Peki bu corona virüs salgını ne zaman bitecek? Yakın zamanda sosyal yaşam normale dönecek mi? Tabii ki bu sorulara hiçbirimizin bilimsel bir cevabı yok. Ama bildiğimiz bir şey var ki o da şimdilik çıkış tarihi hakkında spekülasyondan ve tahminlerden öteye gidemediğimiz "Covid-19" aşısı bulunup tüm dünyaya dağıtılmadan veya virüs mutasyona uğrayıp insanlara zarar vermeyecek hale gelmeden virüsün öncesinde yaşadığımız hayatlarımıza dönmemiz imkansız gibi görünüyor.
Bu virüs salgınının uzun süre daha bizlerle birlikte olacağı gerçeğiyle yüzleşmeli ve hayatlarımızı buna göre devam ettirmeliyiz.
Çünkü dünyada son bir enfekte hasta kalsa bile yine beş ayda bütün dünyaya yayılabilecek bir virüsten bahsediyoruz.
Aşı bulunana ve dünyada hastalık çok nadir görülmeye başlayana kadar temasın, öpüşmenin, toplu taşıma kullanımının minimuma ineceği, insanların başka insanlara yaratıkmış gibi bakacağı ve halihazırda agresif bir toplum olduğumuz aşikarken korona ile birlikte sosyal olarak daha da gergin hale geleceğimiz bir döneme giriyoruz.
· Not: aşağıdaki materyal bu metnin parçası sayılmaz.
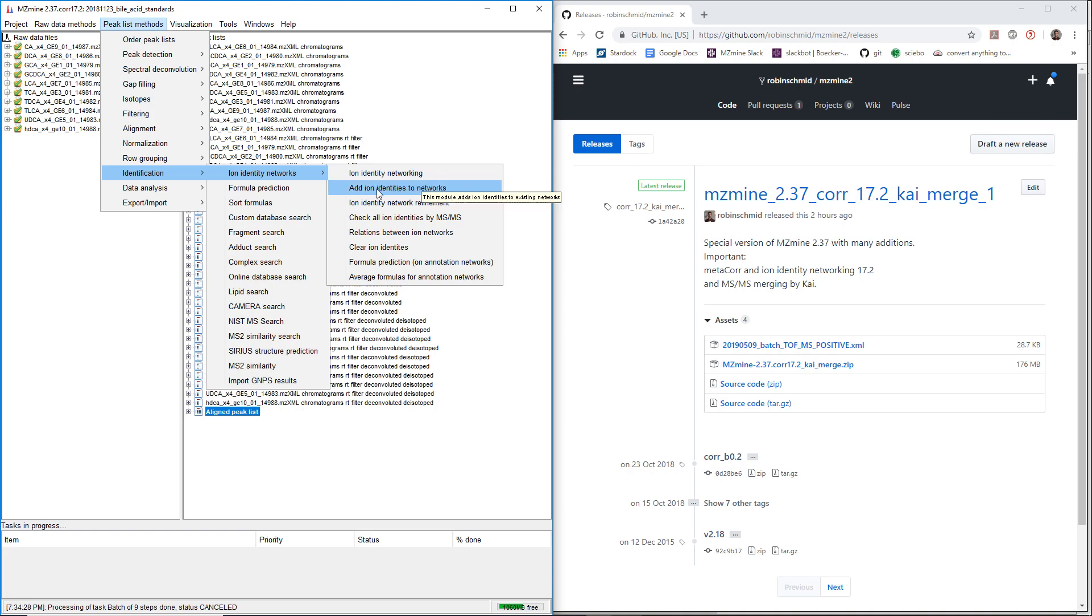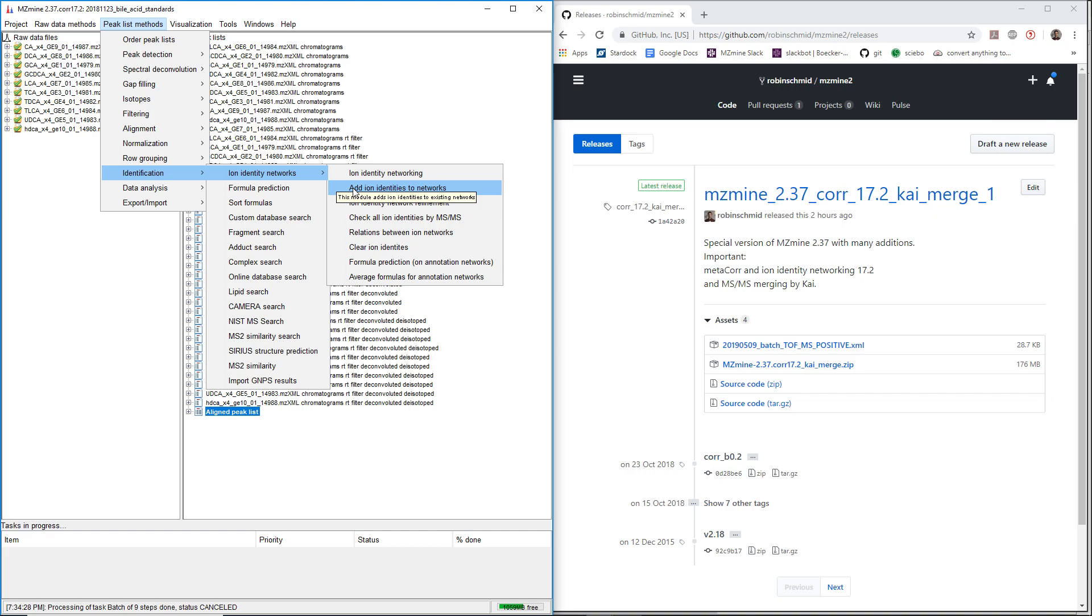After that, you can add different ion identities to existing networks. This module is supposed to just broaden our networks.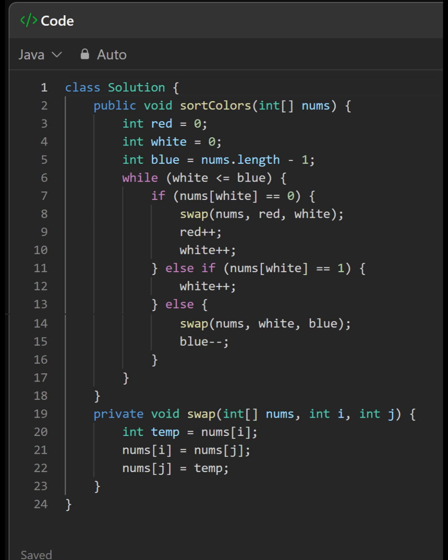The swap method is a helper function that swaps two elements in the array. The time complexity of this algorithm is O(N), where N is the length of the input array — it performs a single pass through the array, making it a fast solution. The space complexity is O(1), since it sorts the array in place without using any extra space.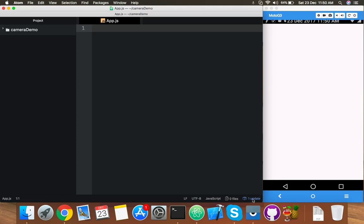In this video we will try to save data in local storage. For that we will use the AsyncStorage keyword from React Native. App.js is blank because I am starting from scratch.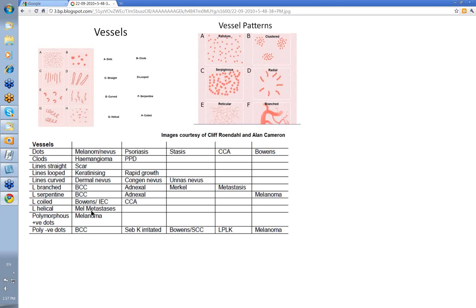Helical vessels — we've said melanoma metastasis. And polymorphous various types with dots is a feature of melanoma. Polymorphous without the dots can be any of these: BCC, irritated seborrheic keratosis, Bowen's, LPLK, and melanoma.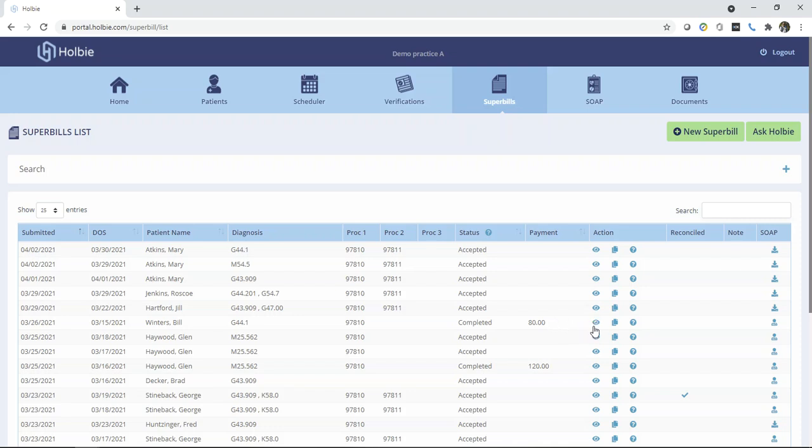Locate the view option under the action column and click on the view.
İmkanı olanların evde kalmasını, işe gitmesi gereken emekçilerimizin ve özellikle sağlık çalışanlarımıza da sağlıklı günler diliyorum.
Son olarak da bütün İslam aleminin Ramazan ayını kutlu olsun.
Kendinize iyi bakın. Daha iç açıcı yazılarda görüşmek üzere.